By Michael Kahn and Anna Koper
PRAGUE/WARSAW (Reuters) -A growing wave of bankruptcies in Germany’s stuttering economy is spurring Czech and Polish businesses to snap up struggling companies across the border to fuel expansion into Europe’s largest market and beyond.
The trend underlines how, three decades after the fall of the Berlin Wall, the companies of ex-communist central Europe are often leaner and more agile than German “Mittelstand” peers whose baby-boomer owners are now hitting retirement age.
Czech producer of fruit brandies R. Jelinek earlier this year bought Berlin’s largest artisan distiller BLN to strengthen its position in the German market and gain access to big grocery chains like REWE and Edeka.
“Our main driver was to enter the key market through the acquisition of a local brand and personnel with German market expertise,” R. Jelinek Vice Chairman Zdenek Chromy told Reuters.
“The economic cycle has naturally created a need for consolidation which has opened up opportunities,” he said of a German economy suffering its longest downturn since World War Two and with bankruptcies up over 9% in early 2025.
These small and medium-sized businesses, thousands of which are planning to shut down by the end of the year, are part of the 99% of German firms known as the Mittelstand. Often family-run, many are hitting a demographic wall as the children of their ageing owners have no interest in taking over.
“In a period of economic weakness and in light of many unresolved company successions, there are entry opportunities into the German market,” Marc Tenbieg, president of the Mittelstand association, told Reuters.
Reuters spoke to more than a dozen economists, analysts and companies to shed light on how Czech and Polish businesses are using their financial strength to plant a foothold in Germany, especially in manufacturing, logistics and export-driven sectors.
Not only are German corporate valuations being weakened by the stagnating growth rates of the wider economy, Czech and Polish firms are also benefiting from ample liquidity and a period of relatively low borrowing costs.
“Germany is relatively ‘cheaper’ today … which increases the attractiveness of assets to foreign buyers, including those from Poland,” Lukasz Chrabanski, head of the Polish Investment and Trade Agency foreign office in Frankfurt told Reuters.
While precise data highlighting the trend are scarce, the latest figures from Germany’s Bundesbank show Czech investments in Germany soared nearly 30% to almost 5 billion euros in 2023. Six takeovers of German entities by Polish companies have been notified since the start of this year, up from two deals in the whole of 2024, the data by Navigator Capital showed.

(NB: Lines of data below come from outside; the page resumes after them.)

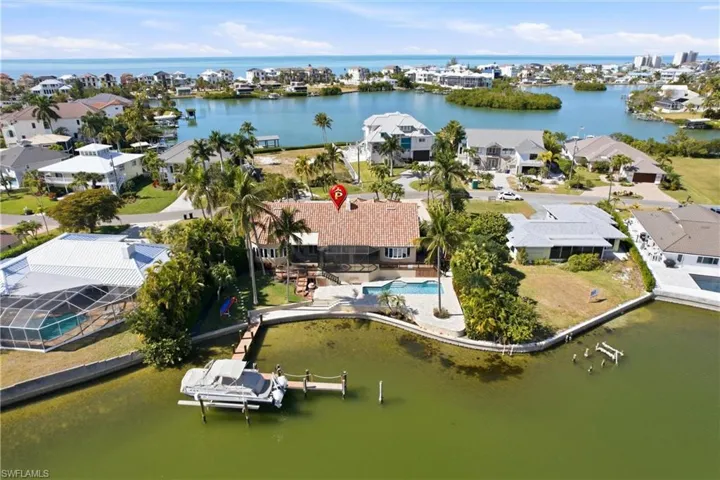 The home sits directly on an expansive bay, providing gulf access by boat just minutes away.  And beach access right up the street.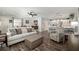 Bright living room featuring a cozy sofa, wood floors, and a modern ceiling fan at 1622 Navidad St, The Villages, FL 32162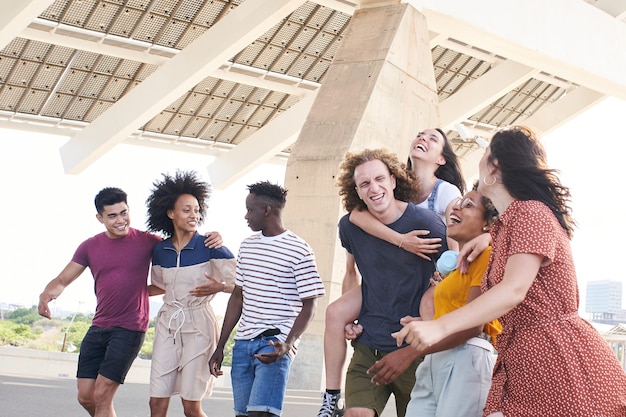 Gruppe freundlicher multiethnischer Freunde, die Spaß haben, junge Studenten außerhalb der Universität umarmen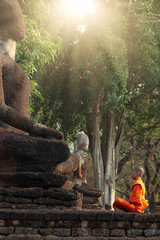 Buddhist monk and novice meditation in front of the Buddha statue at the old temple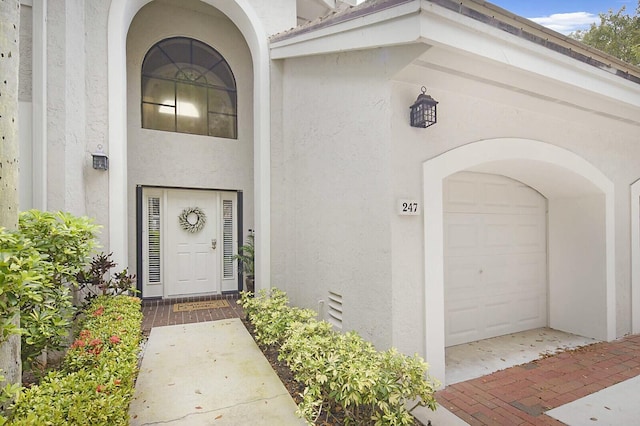 doorway to property featuring stucco siding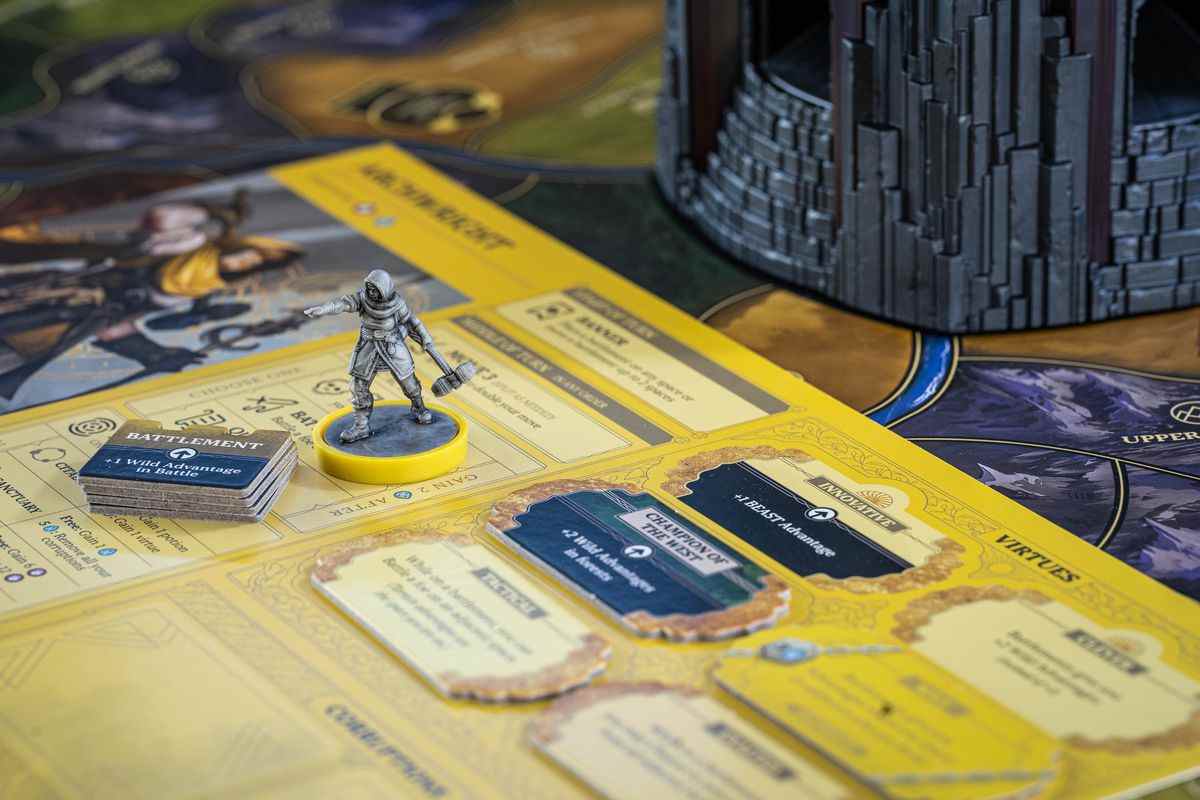 Un personnage joueur au sommet de son buffet, de couleur jaune pour correspondre à un anneau sur les figurines.
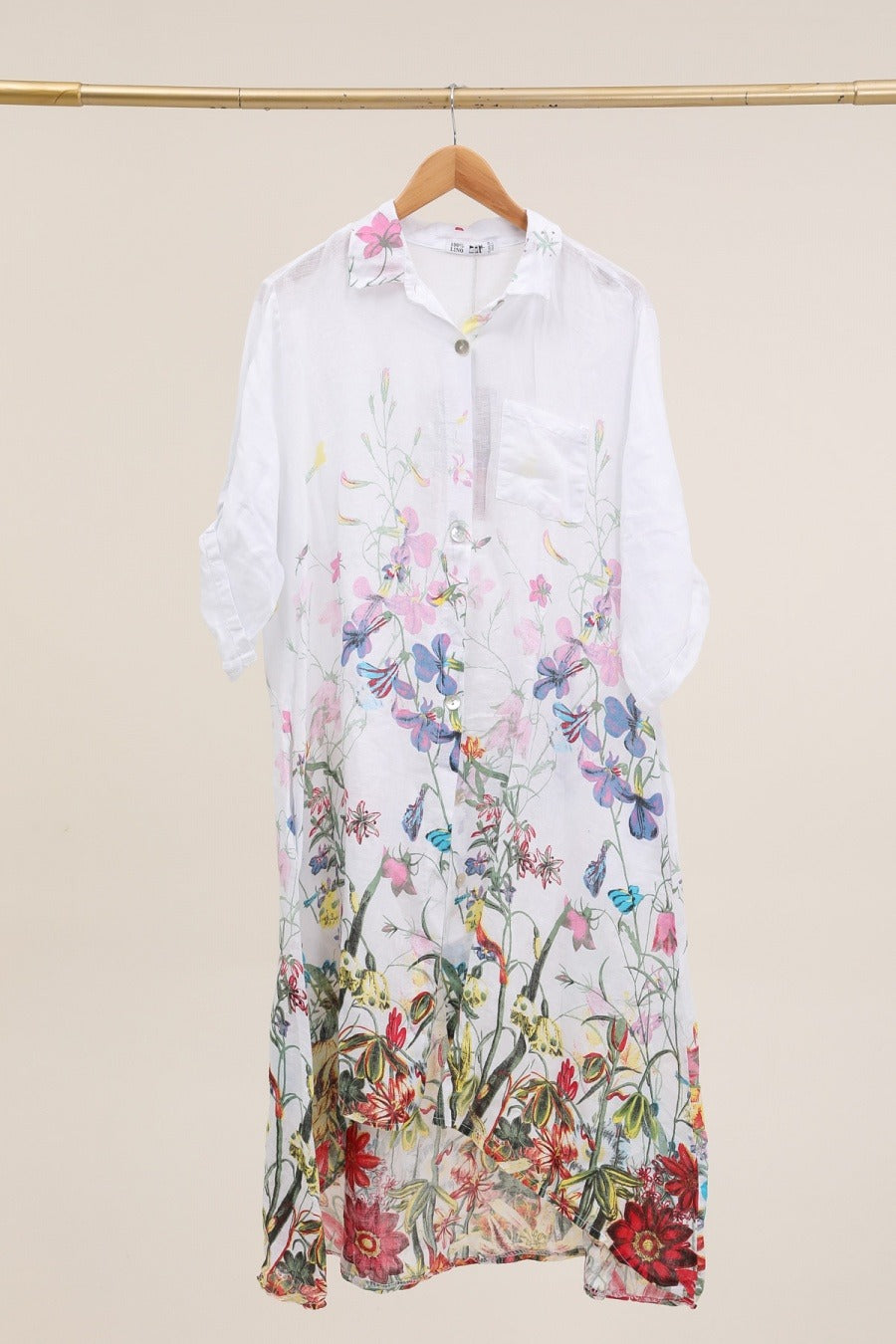 Close-up of white linen fabric featuring subtle floral pattern and lightweight texture
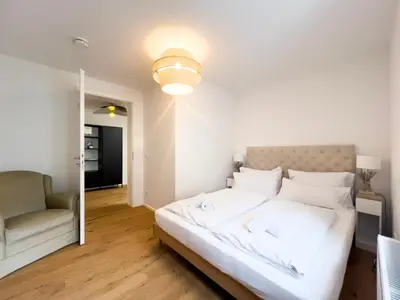 Ein Bett oder Betten in einem Zimmer der Unterkunft Exklusives City-Apartment Augsburg I Stilvoll & modern
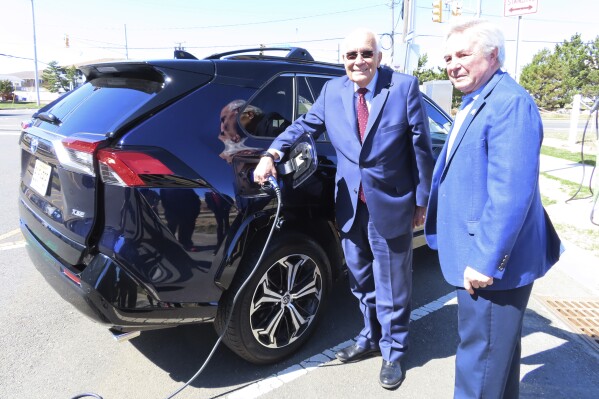 Joseph Fiordaliso, president of the New Jersey Board of Public Utilities, left, and Asbury Park Mayor John Moor, right, speak in front of a new electric vehicle charging station that had not yet been activated in Asbury Park, N.J. on March 21, 2022. Fiordaliso, who was implementing much of New Jersey Gov. Phil Murphy's push for clean energy projects, died on Sept. 6, 2023, at age 78. (AP Photo/Wayne Parry)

CZECHS, POLES READY FOR EXPANSION
Petr Kozel, the owner of Czech cargo company VCHD, told Reuters the time was ripe for his business to expand operations in Germany, where it sees few new local players entering the market while existing ones struggle with succession problems.
“Medium-sized companies with lean structures and direct owners who can make quick and long-term decisions are now at an advantage,” he said.
Many of the Czech and Polish businesses scouting for opportunities in Germany set up shop in the early 1990s following the fall of communism and have now matured to the point where they need to look beyond their borders.
They can also source services back home where labour costs are often lower while injecting more nimble management structures into family-owned businesses, the companies and economists say.
“Germany has always been a big brother for us with German companies mainly only coming to Czechia,” Adam Jares, director of Germany for the Czech government’s CzechTrade office, told Reuters.
“Nowadays Czech companies are at the point where they have had 25-30 years to build the business and are now ready for further growth.”
For Czech and Polish companies looking to take a bite out of Europe’s largest market, the small and medium-sized enterprises just across the border make sense, given they account for half of Germany’s economic output and nearly 60% of jobs.
Szymon Bartkowiak, the chief executive of Polish firm TT PSC, said its 2025 deal for German information technology provider x-Info Wieland Sacher had already yielded a flurry of new contracts.
The purchase announced this year by Polish waste management company Grupa Recykl of Germany’s HRV is also a win-win, the CEO of the Polish company said: Grupa Recykl will gain better access to a market nearly three times bigger than its home market while it will give HRV access to a financially-strong international partner.
A survey by German state-run development bank KfW showed around 231,000 SME owners plan to close their doors by the end of this year – 67,500 more than a year ago — providing plenty of choices for cash-rich Czech and Polish companies.
“In my view, for the Czech firms, there’s a three or five-year window of opportunity to acquire stakes in German companies,” ING Chief Economist David Havrlant told Reuters.